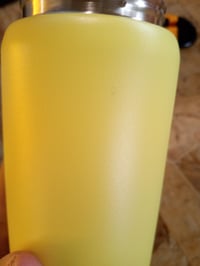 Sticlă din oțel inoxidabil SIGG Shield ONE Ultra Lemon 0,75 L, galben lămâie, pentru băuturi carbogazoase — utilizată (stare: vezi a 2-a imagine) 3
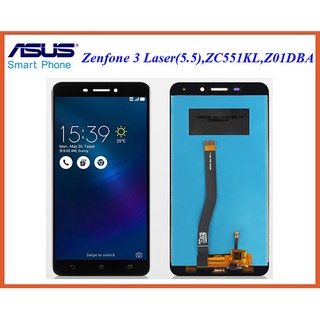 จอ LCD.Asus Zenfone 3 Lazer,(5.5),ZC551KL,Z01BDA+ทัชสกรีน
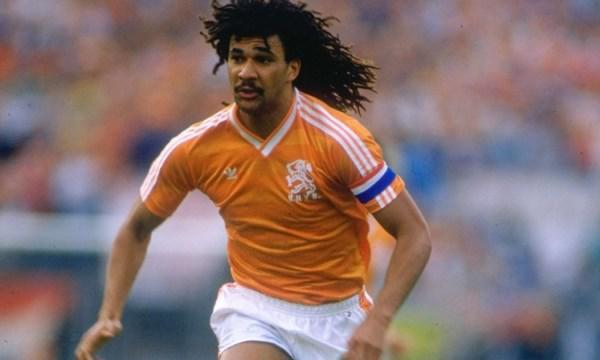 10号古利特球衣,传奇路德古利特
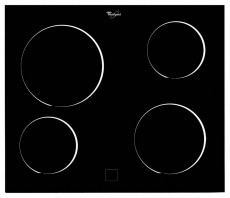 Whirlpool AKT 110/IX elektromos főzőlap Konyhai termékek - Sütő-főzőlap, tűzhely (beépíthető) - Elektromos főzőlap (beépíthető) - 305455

----

- **What you should do**
An exact copy of the material above is required, minus its images.

- **Your solution**
 Sticlă din oțel inoxidabil SIGG Shield ONE Ultra Lemon 0,75 L, galben lămâie, pentru băuturi carbogazoase — utilizată (stare: vezi a 2-a imagine) 3
 จอ LCD.Asus Zenfone 3 Lazer,(5.5),ZC551KL,Z01BDA+ทัชสกรีน
 10号古利特球衣,传奇路德古利特
 Whirlpool AKT 110/IX elektromos főzőlap Konyhai termékek - Sütő-főzőlap, tűzhely (beépíthető) - Elektromos főzőlap (beépíthető) - 305455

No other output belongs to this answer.